Taking the listing below, restate word for word each line from the line with "Activex Antibakteriyel Sıvı" to the line with "Siemens 8GK9526-0KK00", ends included, and stop there.

• _INPUT FOR THIS TASK_:
#####
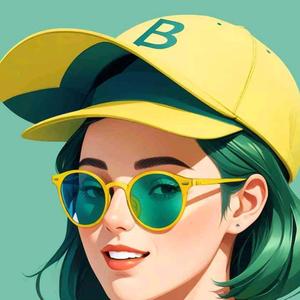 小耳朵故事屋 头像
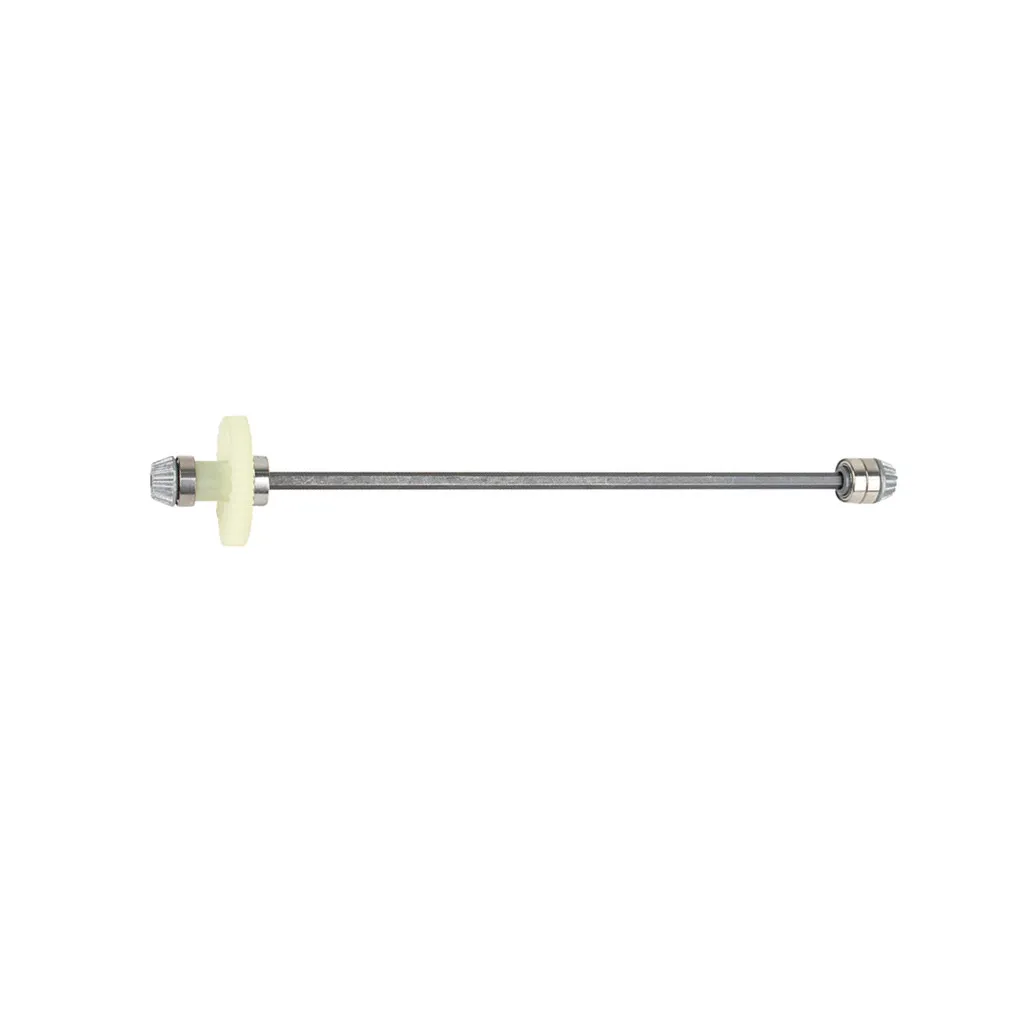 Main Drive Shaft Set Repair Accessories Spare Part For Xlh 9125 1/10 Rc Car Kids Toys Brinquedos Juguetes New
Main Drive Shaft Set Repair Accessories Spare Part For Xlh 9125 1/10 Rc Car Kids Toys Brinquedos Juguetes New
#####
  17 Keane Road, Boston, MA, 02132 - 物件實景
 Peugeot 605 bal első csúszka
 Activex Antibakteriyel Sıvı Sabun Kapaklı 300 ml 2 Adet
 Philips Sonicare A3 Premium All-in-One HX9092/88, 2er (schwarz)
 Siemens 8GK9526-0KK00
#####
• _RESULT FOR THIS TASK_:
 Activex Antibakteriyel Sıvı Sabun Kapaklı 300 ml 2 Adet
 Philips Sonicare A3 Premium All-in-One HX9092/88, 2er (schwarz)
 Siemens 8GK9526-0KK00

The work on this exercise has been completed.